Thank you everybody!
Fabrizio
On 2021/10/26 11:40:24, Philipp Dallig <philipp.dal...@gmail.com> wrote:
Hi Fabrizio,
At the moment I think zeppelin does not support running spark jobs in
cluster mode. But in fact K8s mode simulates cluster mode. Because the
Zeppelin interpreter is already started as a pod in K8s, as a manual
Spark submit execution would do in cluster mode.

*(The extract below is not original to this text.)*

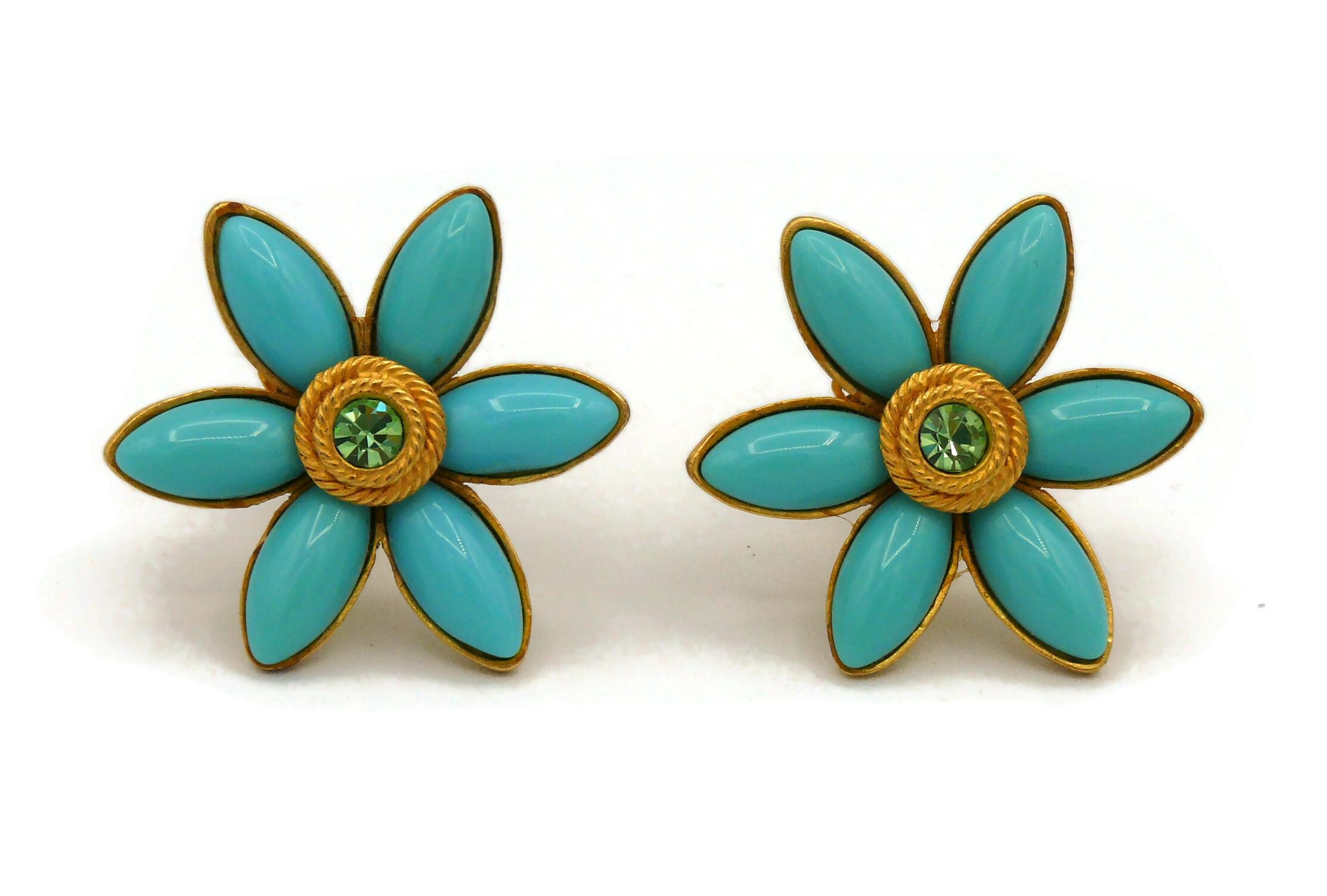 CHRISTIAN LACROIX Vintage Flower Clip-On Earrings In Good Condition For Sale In Nice, FR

Spark-submit is called only once during the start of the Zeppelin
interpreter. You will find the call in these lines:
https://github.com/apache/zeppelin/blob/2f55fe8ed277b28d71f858633f9c9d76fd18f0c3/bin/interpreter.sh#L303-L305
Best Regards
Philipp
Am 25.10.21 um 21:58 schrieb Fabrizio Fab:
Dear All, I am struggling since more than a week on the following problem.

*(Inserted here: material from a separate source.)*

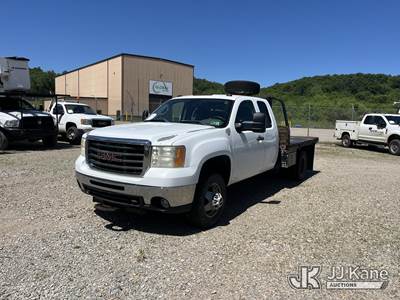 2008 GMC Sierra 3500HD 4x4 Extended-Cab Flatbed Truck
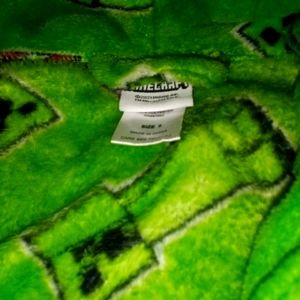 Minecraft robe size 8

My Zeppelin Server is running outside the k8s cluster (there is a reason for
this) and I am able to run Spark zeppelin notes in Client mode but not in
Cluster mode.
I see that, at first, a pod for the interpreter (RemoteInterpreterServer) is
created on the cluster by spark-submit from the Zeppelin host, with
deployMode=cluster (and this happens without errors), then the interpreter
itself runs another spark-submit (this time from the Pod) with
deployMode=client.
Exactly, the following is the command line submitted by the interpreter from
its pod
/opt/spark/bin/spark-submit \
--conf spark.driver.bindAddress=<ip address of the interpreter pod> \
--deploy-mode client \
--properties-file /opt/spark/conf/spark.properties \
--class org.apache.zeppelin.interpreter.remote.RemoteInterpreterServer \
spark-internal \
<ZEPPELIN_HOST> \
<ZEPPELIN_SERVER_RPC_PORT> \
<interpreter_name>-<user name>
At this point, the interpreter Pod remains in "Running" state, while the Zeppelin note
remains in "Pending" forever.
The log of the Interpreter (level = DEBUG) at the end only says:
INFO [2021-10-25 18:16:58,229] ({RemoteInterpreterServer-Thread}
RemoteInterpreterServer.java[run]:194) Launching ThriftServer at <ip address of the
interpreter pod>:<random port>
INFO [2021-10-25 18:16:58,229] ({RegisterThread}
RemoteInterpreterServer.java[run]:592) Start registration
INFO [2021-10-25 18:16:58,332] ({RegisterThread}
RemoteInterpreterServer.java[run]:606) Registering interpreter process
INFO [2021-10-25 18:16:58,356] ({RegisterThread}
RemoteInterpreterServer.java[run]:608) Registered interpreter process
INFO [2021-10-25 18:16:58,356] ({RegisterThread}
RemoteInterpreterServer.java[run]:629) Registration finished
(I replaced the true ip and port with a placeholder to make the log more clear
for you)
I am stuck at this point....
Anyone can help me ? Thank you in advance. Fabrizio